Here are highlights of the discussion, moderated by McKinsey Quarterly’s Allen Webb, among five practitioners, five business-school professors, and five current or former leaders of McKinsey’s Strategy Practice, including Fred Gluck, its founder.

Where have all the frameworks gone?

Professor Pankaj Ghemawat (IESE)

At the millennium, I wrote a piece on new management paradigms, which I referred to as Eureka and BOHICA. The latter term was popularized in business circles by John Micklethwait and Adrian Wooldridge at the Economist and stands for “bend over, here it comes again.” The reason for writing it was that there seemed to be a profusion of ideas about strategy that were new or at least claimed to be new. This situation seems to have changed drastically. For example, the management writer Richard Pascale supplied an amusing chart on the ebbs, flows, and residual impact of business ideas and fads for my original piece—but when I contacted him recently, he told me he had stopped updating the series a few years ago because activity had dropped off. Is that true and, if so, is it a matter for concern?

Professor Michael G. Jacobides (London Business School)

Yes, I think we may need new tools or frameworks. When the environment changes profoundly, the maps with which we navigate it may need to shift as well. For instance, from telco to healthcare to computers, sector boundaries are changing or dissolving, and new business models are redefining the competitive landscape. So tools such as Michael Porter’s five forces, created for a more stable, more easily definable world, don’t just lose their relevance—they become actively misleading.

Strategy tools are abstractions from reality that illuminate and identify some features and causal relations while simplifying or omitting others. So their usefulness depends on context, and their effectiveness changes with time. Consider, for instance, the financial crisis. Regulators were caught by surprise in 2008 because they failed to understand how much the financial sector had been transformed from a set of integrated institutions into a host of co-specialized firms that have divergent business models and are linked through the capital markets. Only now are we slowly updating our mental map of the sector and the tools we use to analyze it.

That said, I’d strike a slightly more optimistic note; I believe there’s scope to help people organize and categorize information without having their heads explode. And as a strategy professor, I can’t think of anything better than saying, “Let’s rethink these frameworks together with people who use them in their professional practice, and revise the strategy canon.”

Professor Robert Grant (Bocconi School of Management)

I disagree with the notion that the world is changing and that this has somehow made our established strategy tools obsolete. Most changes in the business environment have been in degree rather than kind: the speedier diffusion of technology, the growing intensity of competition as a result of internationalization, increased concern over business’s social and environmental responsibilities. Most of the core concepts and frameworks of strategy have not been devalued by change. A.G. Lafley and Roger Martin’s recent book, Playing to Win, builds upon the traditional notions that superior performance results from selecting attractive markets and establishing a competitive advantage within them.
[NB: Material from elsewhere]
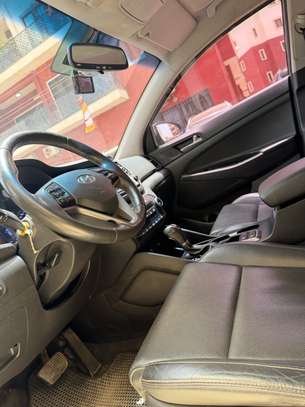 Hyundai Tucson image 7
What’s changed is not so much the environment as our empirical and theoretical knowledge about strategy. Our understanding of the experience curve has been augmented by deeper insights into the determinants of organizational learning. Our analysis of competition extends well beyond Porter’s five-forces framework, to recognize the role of complements, network externalities, and platforms. Our understanding of the benefits of strategic flexibility has been transformed by the analysis of real options. A major problem is that the theoretical and empirical research in strategy has moved so quickly, and over such a broad front, that its distillation into intuitive concepts and frameworks applicable to strategy-making processes of firms has lagged far behind.